BEIRUT: Lebanese Forces leader Samir Geagea mocked the outcome of the recent National Dialogue session at Baabda Palace and said Hezbollah only wanted to appear as though it was willing to discuss its weapons. “We are with any serious dialogue, but in fact the Baabda declaration reminded me of civics lessons we used to take at intermediate school,” Geagea said in an interview with Saudi newspaper Al-Riyadh.
During their first National Dialogue session in over 18 months, rival political leaders agreed to commit themselves to dialogue and avoid actions that fuel sectarian incitement.
In their second meeting, political leaders called on the government to set up a mechanism for disarming Palestinian groups outside refugee camps and agreed to discuss a platform for a national defense strategy, ostensibly to include Hezbollah’s weapons, to be presented by President Michel Sleiman in July.
Geagea said Hezbollah was not serious about the dialogue even though Sleiman was trying hard to reach concrete results on the national defense strategy.
“Hezbollah is not ready for a serious dialogue and the party is sitting at the table ... to present itself as being supportive of dialogue,” he said.
March 14 parties are seeking a defense strategy that would eventually integrate Hezbollah’s arsenal into that of the Lebanese Army, but the party is adamant about keeping its arms.
Also Sunday, Hezbollah official in the Bekaa Mohammad Yaghi reaffirmed that his party’s weapons would not be taken from their hands.
“We say that the resistance’s weapons will remain in our hands until the land is liberated and no one should think that they can do anything about it,” he said at a meeting in Baalbek.

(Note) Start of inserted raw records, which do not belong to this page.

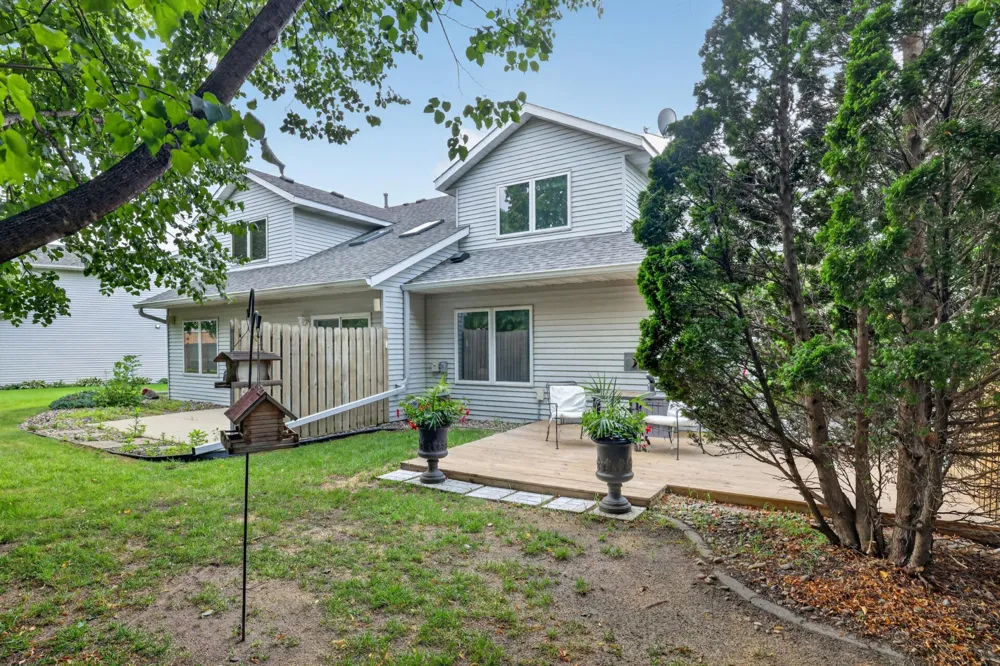 2408 Viola Heights Drive NE Rochester, MN 55906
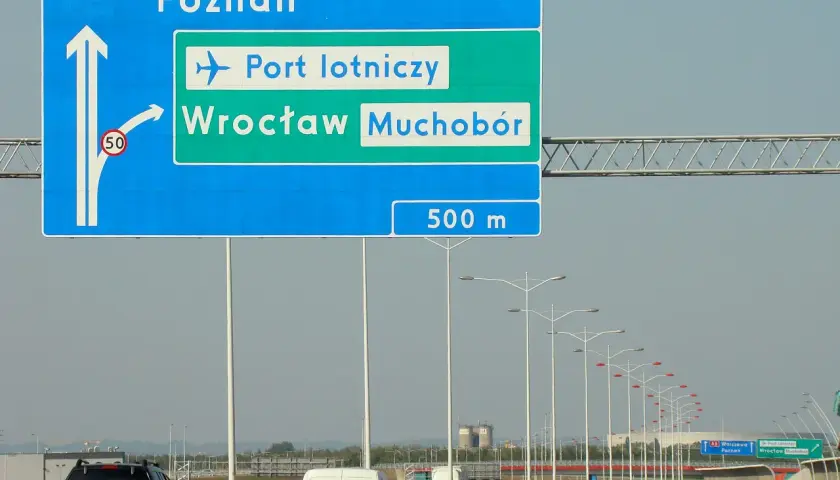 Autobus z lotniska Wrocław do dworca PKP? Znak A8 kieruje do Warszawy, Poznania, portu lotniczego i Wrocławia Muchoboru.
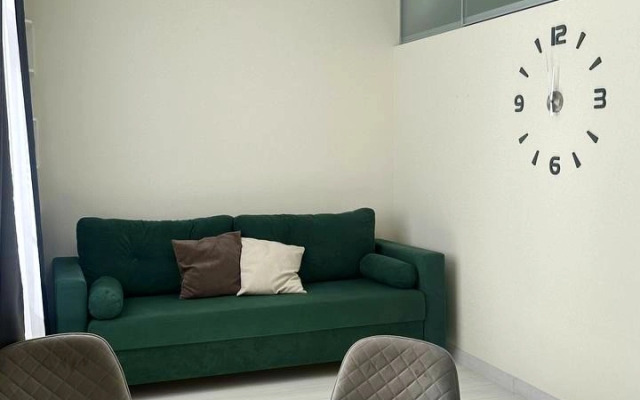 Green Apartment Ryadom S Tsentrom Flat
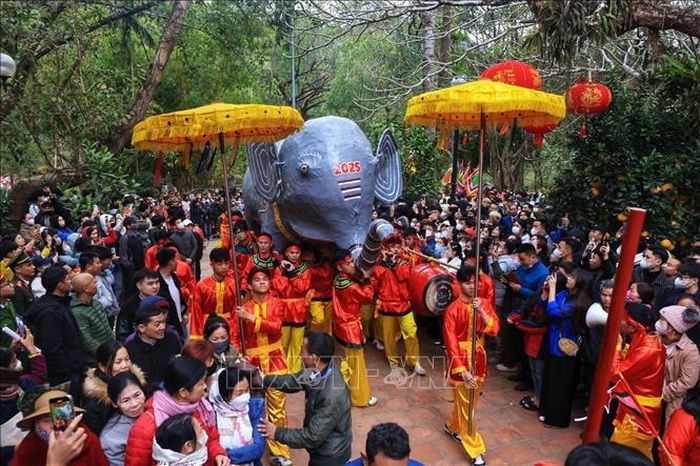 Thôn Dược Thượng, xã Đức Hòa cúng lễ vật phẩm Voi chiến.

Yaghi said he did not condone people’s efforts to incite sectarian strife, and added that the party had suffered slights in the past without bringing the specter of internal war.
“Some people today want to take the country to the fires of sectarian strife, we are aware that they are acting under delusional and frail notions that they think will take them somewhere,” he said.

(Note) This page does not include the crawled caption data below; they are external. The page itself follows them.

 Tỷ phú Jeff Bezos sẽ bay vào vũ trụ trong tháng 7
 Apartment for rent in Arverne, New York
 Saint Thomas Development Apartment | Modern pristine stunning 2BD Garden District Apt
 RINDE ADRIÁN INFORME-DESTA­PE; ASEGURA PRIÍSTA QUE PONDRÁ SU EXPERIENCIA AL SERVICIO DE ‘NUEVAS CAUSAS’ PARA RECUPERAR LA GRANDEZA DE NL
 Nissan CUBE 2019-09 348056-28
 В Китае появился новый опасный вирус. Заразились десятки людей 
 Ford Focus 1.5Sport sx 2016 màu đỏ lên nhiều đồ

Yaghi said Hezbollah had remained calm without resorting to sectarian incitement. “We have been silent about our injuries. We endured insults and conspiracies, we suffered a lot and paid high prices for that.”

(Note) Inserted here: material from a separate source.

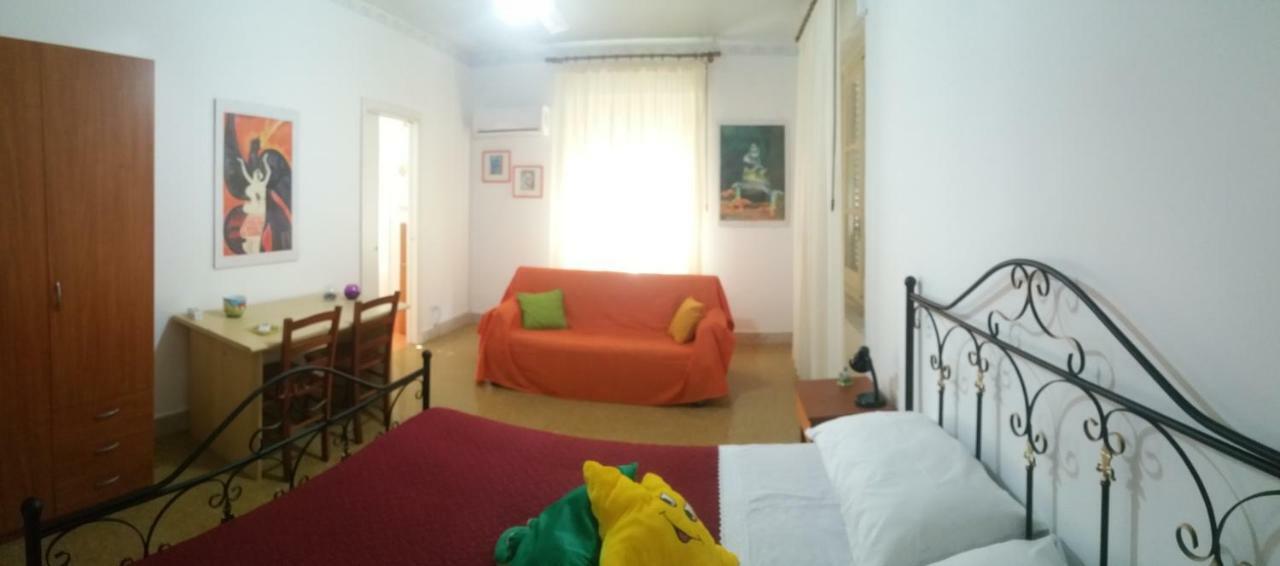 Benvenuti Al Massimo Appartement Palermo Buitenkant foto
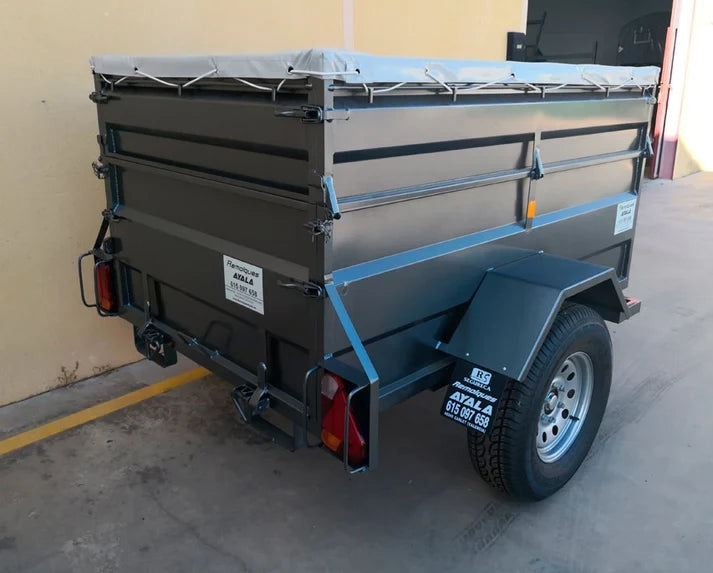 Reboque 4x4 novo com basculamento hidráulico e travão de inércia – 220 × 130 × 60 + 35 cm – PBT de 750 kg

Free Patriotic Movement leader MP Michel Aoun also weighed in on dialogue and current events Sunday, saying the need for internal security and stability superseded discussions over a national defense strategy and Hezbollah’s arsenal.
“[Talk] on a national defense strategy or the removal of weapons will serve no purpose if the internal stability and national unity is being targeted,” Aoun told a local newspaper in an interview published Sunday.
“I don’t talk about the resistance and the defense strategy now before there are discussions on security and stability, subjects which I give priority to because they are an open fire,” he said, referring to his engagement in the recently relaunched National Dialogue.
“They [on the other hand] stress on the weapons of the resistance and the government,” he said.
Aoun described the National Dialogue sessions as a positive step. “They [talks] need to be given a chance. This attempt is a positive thing and we lose nothing by it, even if we are not able to achieve anything, at least we can say we tried.”